Yeah, running a pipeline directly via dagster pipeline execute doesn't create a server, so that all makes sense.

pybokeh commented 3 years ago

Hi @pollloq ! I think I had similar problem as you as I had similar stack trace and dagit issues and was discussed on Slack.

TL;DR - problem resolved by setting no_proxy environment variable as company's proxy server was not set up to support gRPC protocol.

set no_proxy=localhost,127.0.0.1,0.0.0.0 not sure if all 3 "local" host mappings needed to be excluded, but anyway, that worked for us at my company. If you've created a separate gRPC server, then you would use its IP address instead.

pollloq commented 3 years ago

Hi @pybokeh ! unfortunately, the comments you have kindly shared are not working for me.

pybokeh commented 3 years ago

Hi @pollloq Yes, I was using Windows machine. I set the no_proxy environment variable using command line.
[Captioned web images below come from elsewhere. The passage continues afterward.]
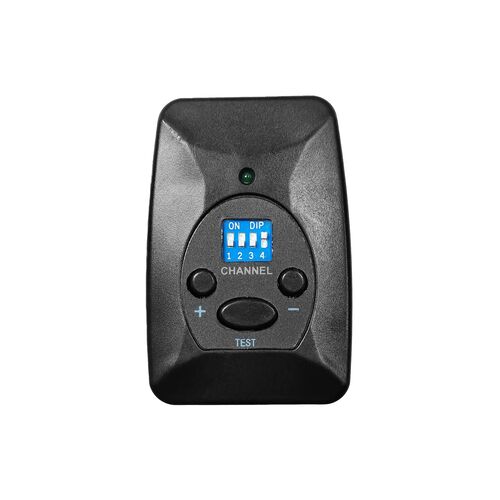 Пульт-радиосинхронизатор Falcon Eyes SS-16BRC, фото 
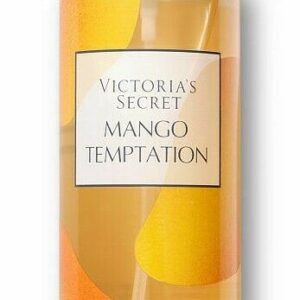Victoria's Secret Mango Temptation Body Mist 250ml
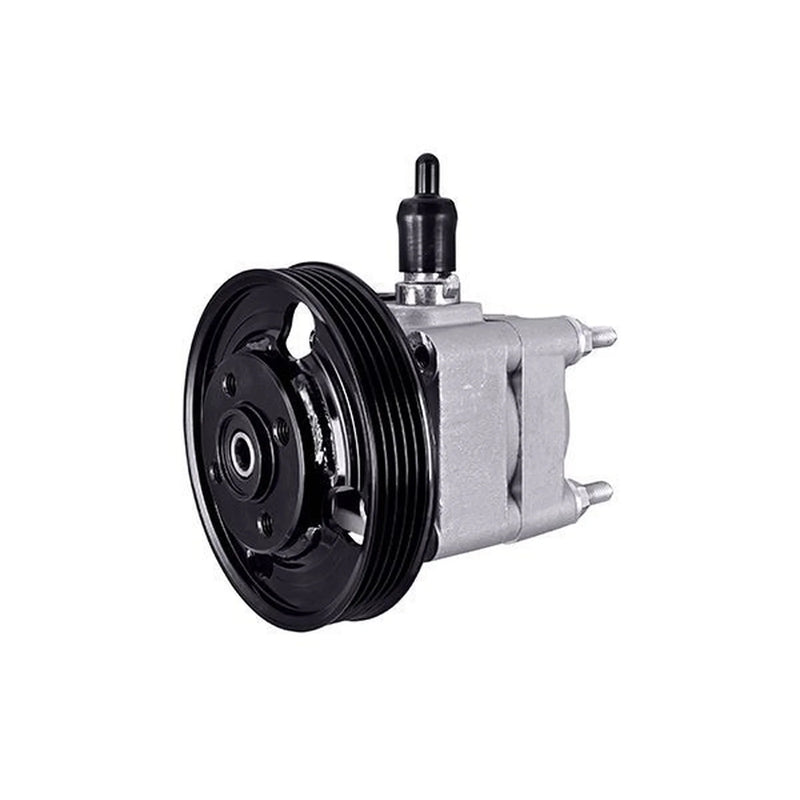 Hella Power Steering Hydraulic Pump 8TL 359 003-121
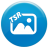 Watermark Image Professional.png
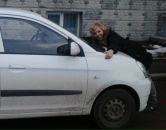 Фотография Щербаков Игорь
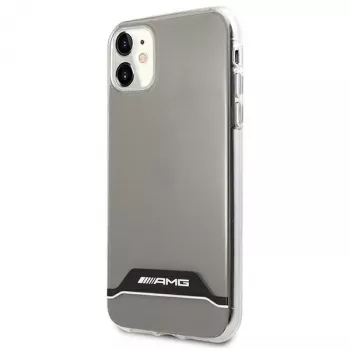 AMG AMHCN61TCBW trd ovitek za iPhone 11 / XR 6,1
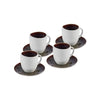 error-product-image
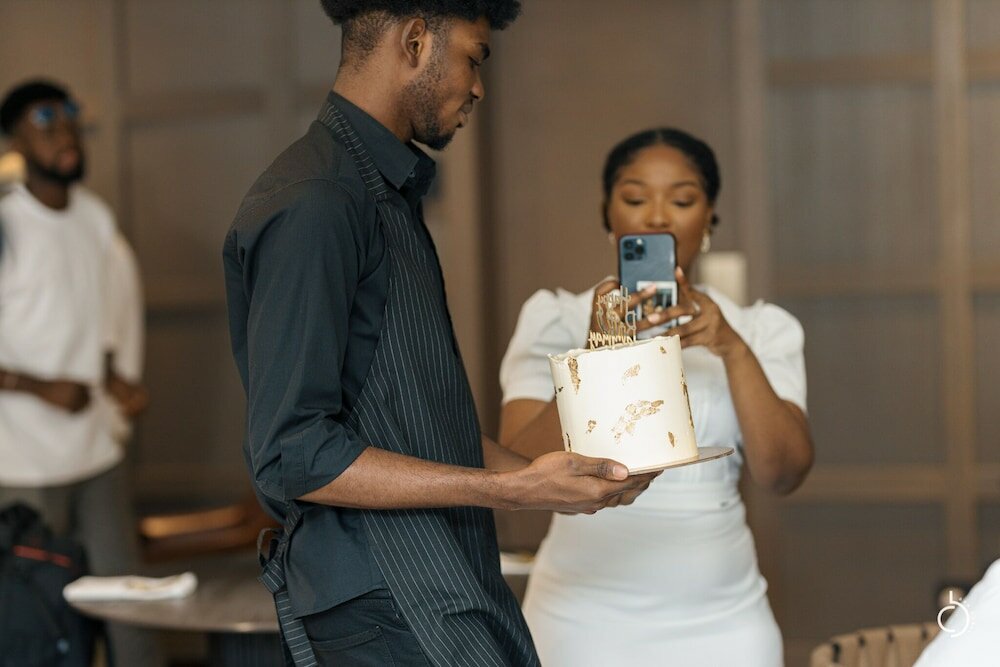 Фото Davenue Boutique Hotel Accra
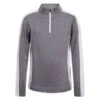 Icepeak Ski Pully Kinderen Fleminton 810 -Ski Kleding Verkoop 6 0 icepeak ski pully kinderen fleminton 6 51712 810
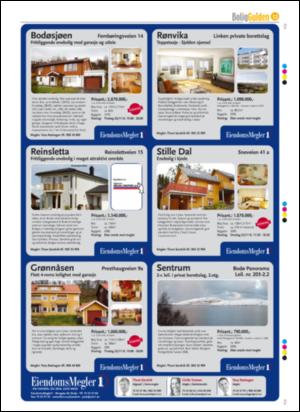 avisanordland_bolig-20051118_000_00_00_013.pdf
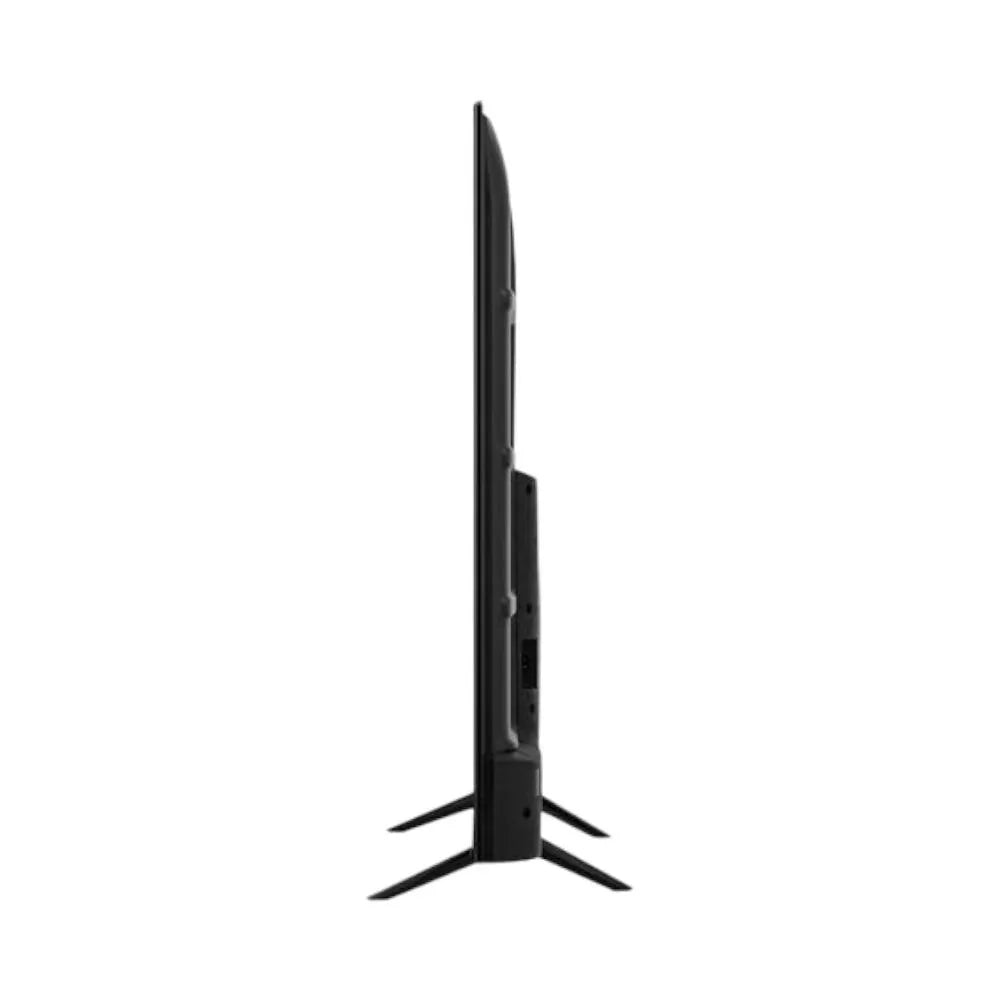 Televisor Hisense 70" Uhd 4K / Smart  / 70A68H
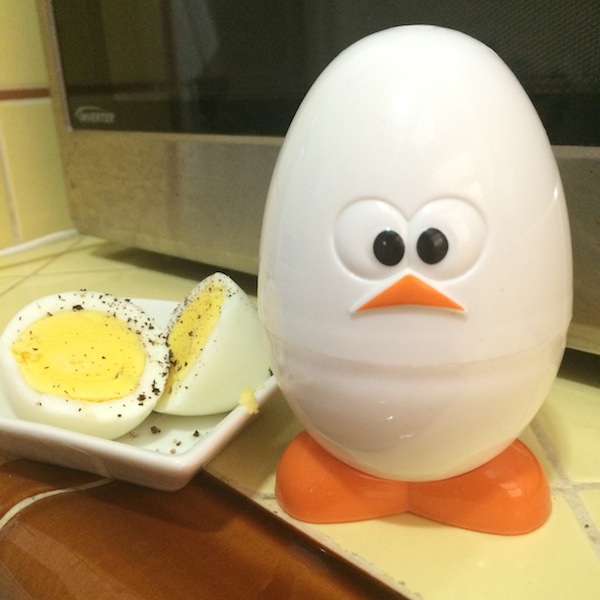 microwaveable-egg-maker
Just in case you weren't aware, if you set the no_proxy environment variable using Windows GUI method instead, you have to reboot your machine for the environment variable to take effect.
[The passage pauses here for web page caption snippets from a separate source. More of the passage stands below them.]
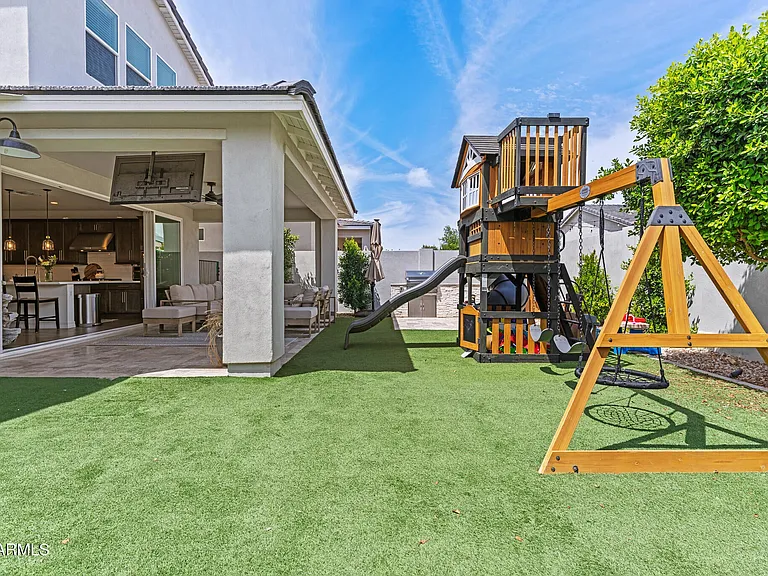 17190 W Gracemont St — Photo 23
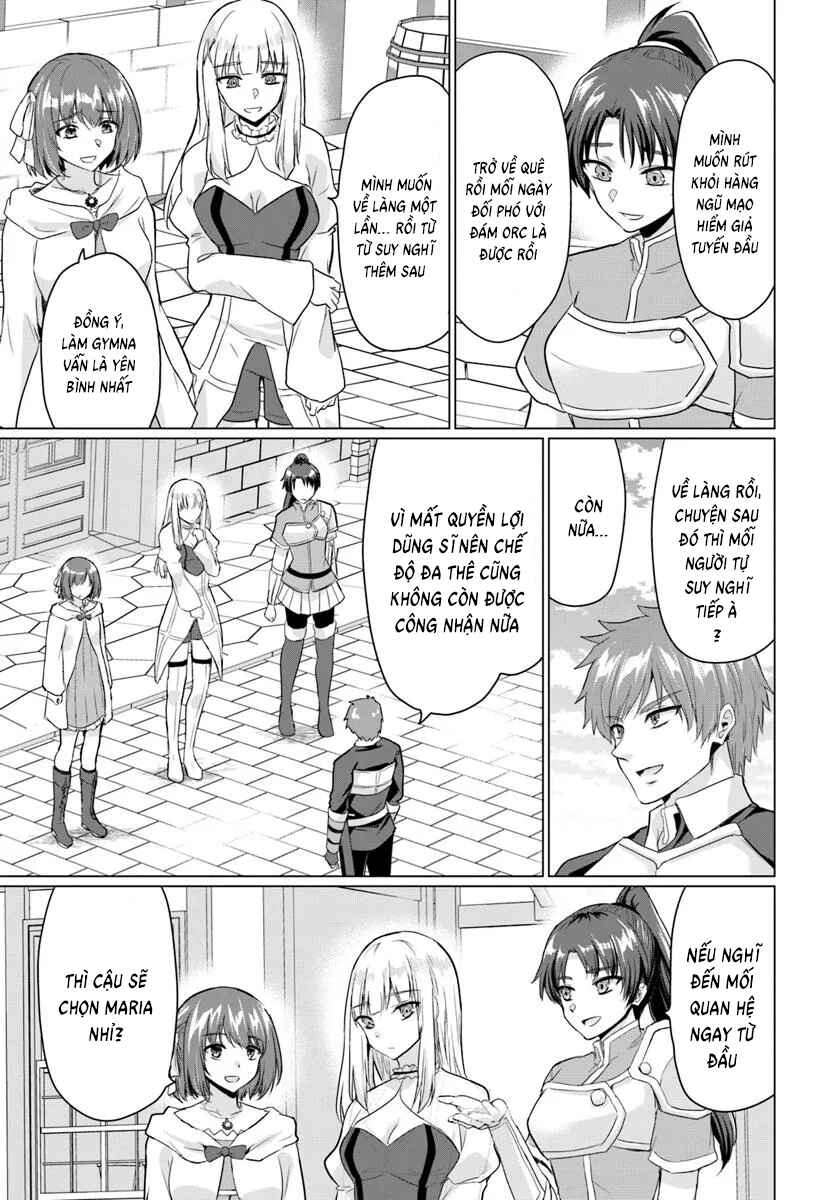 Chapter 25 - Page 9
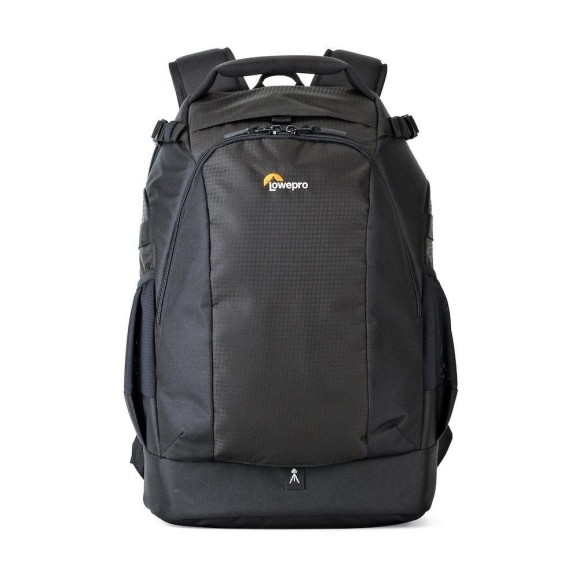 Backpack Lowepro Flipside 400 AW II black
I did not set up my own gRPC server, so I did not have to issue special commands.

archydeberker commented 2 years ago

I also saw this error upon triggering a job via API on a newly launched server on Google Cloud Run.

I manually re-ran the job without issue, so I wondered if it was to do with a latency somewhere in the system, and I was attempting to launch the job before the server was truly running?


  grpc._channel._InactiveRpcError: <_InactiveRpcError of RPC that terminated with:
status = StatusCode.UNAVAILABLE
details = "failed to connect to all addresses"
debug_error_string = "{"created":"@1637011295.740060951","description":"Failed to pick subchannel","file":"src/core/ext/filters/client_channel/client_channel.cc","file_line":3158,"referenced_errors":[{"created":"@1637011295.740059226","description":"failed to connect to all addresses","file":"src/core/lib/transport/error_utils.cc","file_line":147,"grpc_status":14}]}"
>

File "/usr/local/lib/python3.9/site-packages/dagster/grpc/client.py", line 359, in start_run
    res = self._query(
  File "/usr/local/lib/python3.9/site-packages/dagster/grpc/client.py", line 110, in _query
    response = getattr(stub, method)(request_type(**kwargs), timeout=timeout)
  File "/usr/local/lib/python3.9/site-packages/grpc/_channel.py", line 946, in __call__
    return _end_unary_response_blocking(state, call, False, None)
  File "/usr/local/lib/python3.9/site-packages/grpc/_channel.py", line 849, in _end_unary_response_blocking
    raise _InactiveRpcError(state)
mrdavidlaing commented 2 years ago

FWIW, if your user code takes a long time to load, you might need to bump up the startupProbe.initialDelaySeconds - eg:

dagster-user-deployments:
  deployments:
    - name: "my-large-repository"
       startupProbe:
         enabled: true
         initialDelaySeconds: 30